Der Berliner Senat, das sehen wir derzeit in der Rigaer Straße 94, das sahen wir in der Liebigstraße 14, wirft diese kluge Strategie der Befriedung der Stadtindianer über Bord. Und muss sich darum nicht wundern, dass die Indianer in diesem Sommer das Kriegsbeil ausgegraben haben und auf dem Kriegspfad sind. Frühere Regierungen in Berlin waren schlauer. Die doofen Flughafenbauer um Müller-Hohlschlumpf müssen es noch lernen.
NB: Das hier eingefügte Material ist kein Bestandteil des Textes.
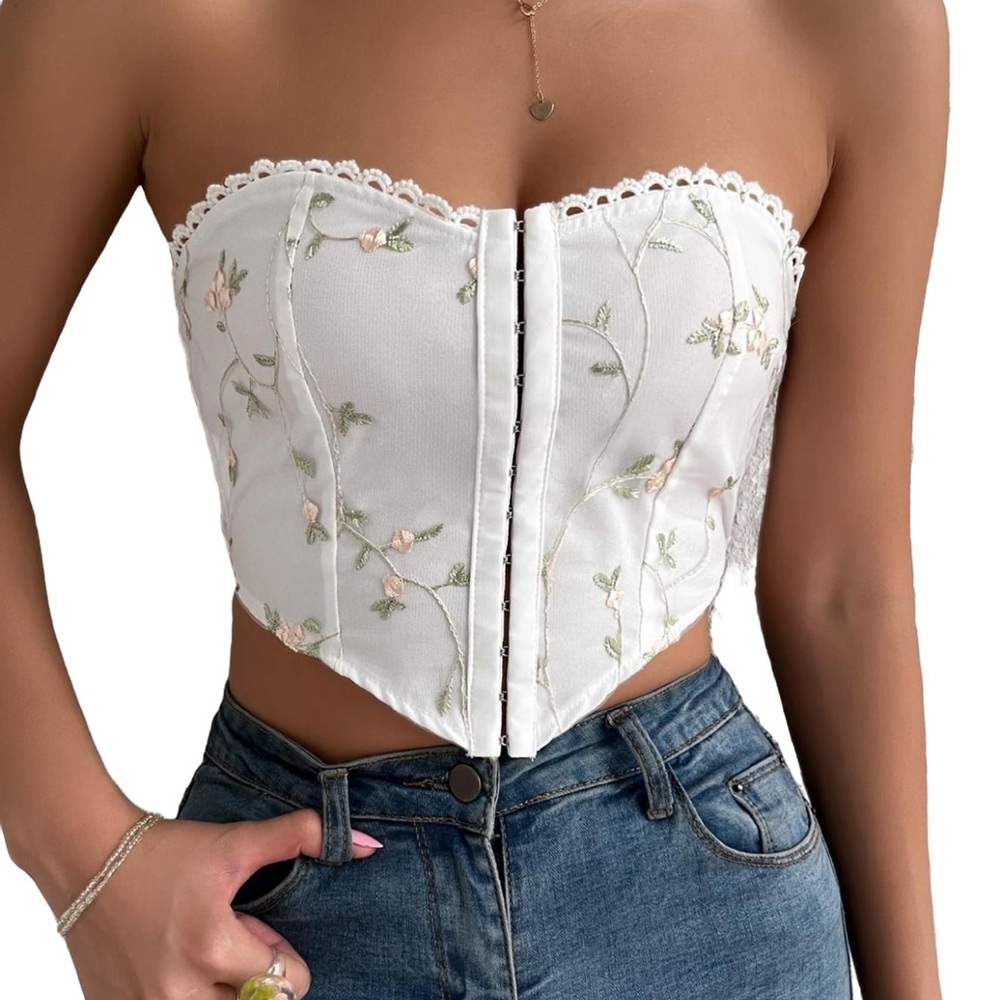 SHEIN Boho Floral Corset Top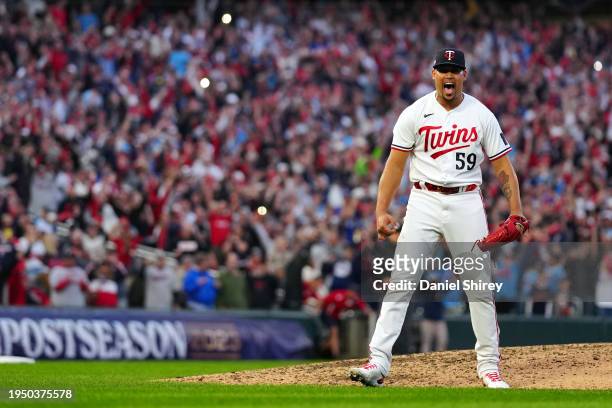 Jhoan Duran of the Minnesota Twins celebrates after winning during Game 2 of the Wild Card Series between the Toronto Blue Jays and the Minnesota...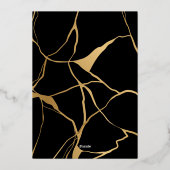 Stunning Black and Gold Kintsugi Folieneinladung (Rückseite)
In Berlin wird es immer Indianer geben, es ist das größte Indianerreservat der Republik. Wer sie vertreiben oder gar ausrotten will, sollte an General Custers Niederlage am Little Bighorn denken.
Und das sind die Fakten:
Sozialromantisch bewegte junge Menschen und ein ehemals besetztes Haus in Berlin („Autonome“), ein Briefkastenfirma auf den Virgin Islands als Besitzer der Immobilie, dessen Erdgeschoss - bisher eine illegale Kneipe der „Szene“ – vermietet werden soll („Heuschrecke“), ein CDU-Innensenator, der sich im aktuellen Wahlkampf als harter Hund profilieren möchte und Tausende von Polizisten in Bewegung setzt („Schweinesystem“), Medien, die nach EM und Brexit das Sommerloch fürchten und die Story begierig aufgreifen („Schreibknechte des Konzernkapitalismus“) – fertig ist die Mischung für einen heißen Juli in der Hauptstadt.